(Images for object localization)
-*-*-
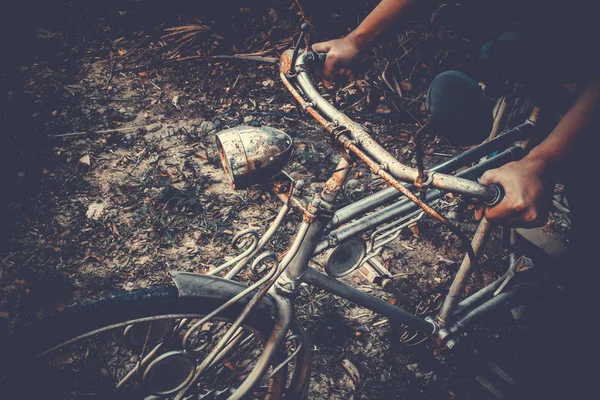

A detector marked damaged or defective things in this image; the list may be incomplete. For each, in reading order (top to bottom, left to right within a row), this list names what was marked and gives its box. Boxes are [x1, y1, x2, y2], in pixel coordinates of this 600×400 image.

rusty bicycle frame [168, 47, 544, 400]
rusty metal tube [434, 216, 494, 324]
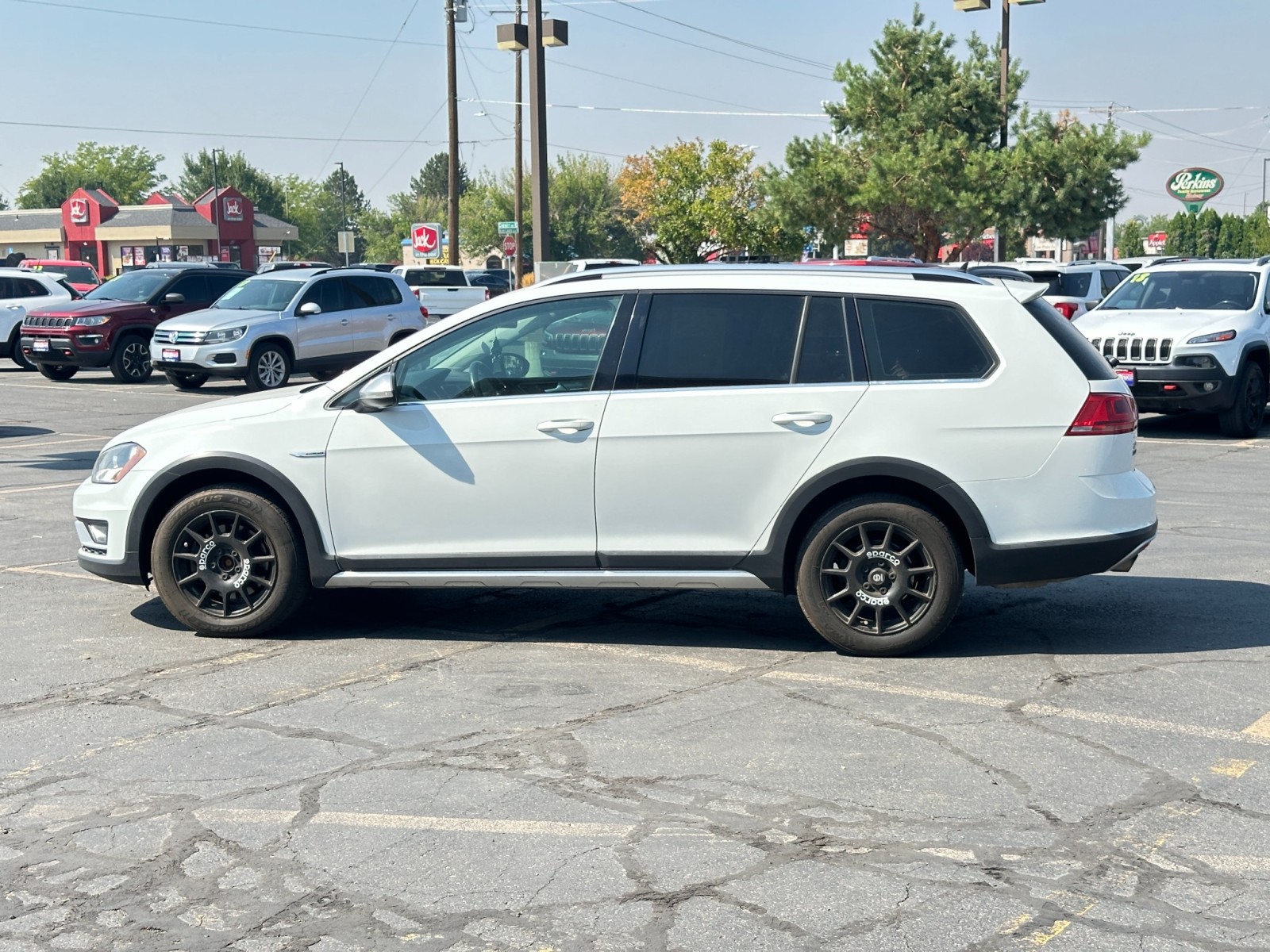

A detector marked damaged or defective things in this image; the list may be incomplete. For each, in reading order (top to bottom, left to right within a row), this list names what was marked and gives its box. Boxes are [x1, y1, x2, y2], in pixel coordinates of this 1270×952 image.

cracked asphalt [2, 367, 1270, 952]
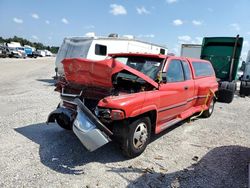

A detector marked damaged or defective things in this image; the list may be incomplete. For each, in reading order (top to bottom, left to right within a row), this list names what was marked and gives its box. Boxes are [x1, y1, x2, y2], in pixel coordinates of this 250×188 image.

crumpled hood [63, 58, 159, 89]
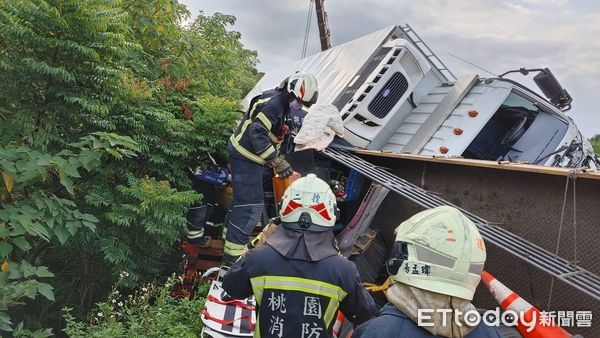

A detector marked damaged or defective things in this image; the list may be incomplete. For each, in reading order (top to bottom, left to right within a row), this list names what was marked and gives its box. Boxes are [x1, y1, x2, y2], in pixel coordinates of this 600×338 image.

overturned truck [245, 24, 600, 336]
-*-*-
● Task to complete: Reproduce exactly, without any picture, the lines from the one bearing "this 1270×952 image." to the last line of the records above.

● Result of this exercise:
A detector marked damaged or defective things in this image; the list may be incomplete. For each, in reading order (top to bottom, left to right within a row), this list names what was marked and gives its box. Boxes are [x1, y1, x2, y2], in pixel coordinates of this 1270×952 image.

cracked asphalt [2, 367, 1270, 952]

A detector marked damaged or defective things in this image; the list may be incomplete. For each, in reading order (top to bottom, left to right within a row), this list names what was marked and gives its box. Boxes are [x1, y1, x2, y2], in pixel coordinates of this 250×188 image.

crumpled hood [63, 58, 159, 89]

A detector marked damaged or defective things in this image; the list may be incomplete. For each, in reading order (top to bottom, left to right within a row), this list names what was marked and gives its box. Boxes are [x1, y1, x2, y2], in pixel coordinates of this 600×338 image.

overturned truck [245, 24, 600, 336]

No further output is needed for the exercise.